Ok, so I said I didn’t want to write about my miscarriages. However, this week Mumsnet published the results of its Miscarriage Care Survey showing that the treatment and support women receive following miscarriage is often less than ideal and fails to meet official national guidelines.
Did you know that half of women who miscarry have to wait more than 24 hours for a scan to find out if their baby is still alive, and are treated alongside women with healthy pregnancies? Or that 58% of women wanted counselling after miscarrying, but only 12% were offered it?
In a bid to improve NHS miscarriage care and lessen the trauma of pregnancy loss Mumsnet is calling for the three main political parties to pledge to improve the system, based on its Code of Care, by the end of the next parliament.
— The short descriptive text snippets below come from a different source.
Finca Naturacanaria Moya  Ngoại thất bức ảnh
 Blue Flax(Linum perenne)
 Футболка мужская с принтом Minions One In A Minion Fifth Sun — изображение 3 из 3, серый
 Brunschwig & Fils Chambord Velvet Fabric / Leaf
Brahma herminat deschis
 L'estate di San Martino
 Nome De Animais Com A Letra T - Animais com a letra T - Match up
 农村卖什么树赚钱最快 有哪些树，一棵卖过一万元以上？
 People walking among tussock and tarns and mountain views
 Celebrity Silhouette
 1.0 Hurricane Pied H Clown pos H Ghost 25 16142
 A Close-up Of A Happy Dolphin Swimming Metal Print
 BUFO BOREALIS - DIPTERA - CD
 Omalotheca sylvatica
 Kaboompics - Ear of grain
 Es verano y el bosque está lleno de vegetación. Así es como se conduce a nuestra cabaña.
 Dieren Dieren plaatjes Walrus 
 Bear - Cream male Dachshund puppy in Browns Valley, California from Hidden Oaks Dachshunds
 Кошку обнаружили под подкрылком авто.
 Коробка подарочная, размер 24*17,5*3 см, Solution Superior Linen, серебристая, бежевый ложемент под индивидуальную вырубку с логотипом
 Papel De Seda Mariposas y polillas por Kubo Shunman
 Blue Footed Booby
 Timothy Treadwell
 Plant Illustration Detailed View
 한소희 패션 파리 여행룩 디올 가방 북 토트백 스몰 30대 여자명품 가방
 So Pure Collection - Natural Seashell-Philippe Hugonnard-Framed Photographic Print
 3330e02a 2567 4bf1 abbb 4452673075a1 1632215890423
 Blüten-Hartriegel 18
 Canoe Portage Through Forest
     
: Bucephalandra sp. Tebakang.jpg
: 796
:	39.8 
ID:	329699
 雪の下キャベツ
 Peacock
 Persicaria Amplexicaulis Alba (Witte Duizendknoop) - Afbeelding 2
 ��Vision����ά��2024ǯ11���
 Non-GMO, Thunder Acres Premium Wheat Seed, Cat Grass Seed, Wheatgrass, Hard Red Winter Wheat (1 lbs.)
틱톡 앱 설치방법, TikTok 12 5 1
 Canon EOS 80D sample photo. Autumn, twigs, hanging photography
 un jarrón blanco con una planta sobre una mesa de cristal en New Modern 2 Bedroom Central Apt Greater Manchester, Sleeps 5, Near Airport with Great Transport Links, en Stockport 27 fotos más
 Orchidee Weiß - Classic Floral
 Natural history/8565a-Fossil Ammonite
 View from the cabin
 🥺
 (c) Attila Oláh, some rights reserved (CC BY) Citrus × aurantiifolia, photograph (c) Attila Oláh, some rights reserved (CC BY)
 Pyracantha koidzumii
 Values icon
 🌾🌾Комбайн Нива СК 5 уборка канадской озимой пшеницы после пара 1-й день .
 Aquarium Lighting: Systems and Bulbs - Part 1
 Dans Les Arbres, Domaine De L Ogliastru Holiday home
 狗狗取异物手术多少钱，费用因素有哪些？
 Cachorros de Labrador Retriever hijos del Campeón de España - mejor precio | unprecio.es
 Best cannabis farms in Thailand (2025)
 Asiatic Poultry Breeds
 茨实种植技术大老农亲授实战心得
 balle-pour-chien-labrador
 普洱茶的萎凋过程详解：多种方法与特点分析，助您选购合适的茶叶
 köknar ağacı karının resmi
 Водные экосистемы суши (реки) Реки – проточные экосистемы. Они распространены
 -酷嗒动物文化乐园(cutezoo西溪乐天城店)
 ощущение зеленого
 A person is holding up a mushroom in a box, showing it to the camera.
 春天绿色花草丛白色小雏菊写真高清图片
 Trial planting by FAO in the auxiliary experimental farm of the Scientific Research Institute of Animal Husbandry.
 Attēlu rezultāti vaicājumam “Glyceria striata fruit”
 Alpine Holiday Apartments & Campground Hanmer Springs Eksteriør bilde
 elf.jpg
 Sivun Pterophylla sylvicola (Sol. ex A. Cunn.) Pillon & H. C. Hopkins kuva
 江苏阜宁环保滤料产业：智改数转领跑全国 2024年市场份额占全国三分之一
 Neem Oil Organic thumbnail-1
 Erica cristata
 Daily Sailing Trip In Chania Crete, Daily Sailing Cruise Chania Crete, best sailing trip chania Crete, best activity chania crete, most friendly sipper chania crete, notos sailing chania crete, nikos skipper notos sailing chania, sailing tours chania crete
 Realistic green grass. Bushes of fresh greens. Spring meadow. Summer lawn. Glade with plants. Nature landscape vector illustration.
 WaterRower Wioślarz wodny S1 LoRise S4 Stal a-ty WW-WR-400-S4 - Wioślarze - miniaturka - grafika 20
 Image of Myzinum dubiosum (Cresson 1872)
Of course achieving this means women like me need to speak out about our experience, or nothing will change. There is no doubt elements of my care were less than ideal, and despite considerable – and unusual – encouragement from Misery Guts I have felt absolutely no desire to blog about it. But if sharing my story means another woman doesn’t have to face what I did, I will.
So here goes:
When, at eight weeks pregnant in June 2013, I started bleeding it was more than 24 hours before I could have a scan to determine what was happening because the Early Pregnancy Assessment Unit was only open part-time. In the meantime, not knowing whether my baby was alive or dead and totally unprepared for what was going to happen, I lost my baby in the bath at home.
Mumsnet’s Code of Care is calling for better access to scanning facilities including Early Pregnancy Assessment Units open seven days a week.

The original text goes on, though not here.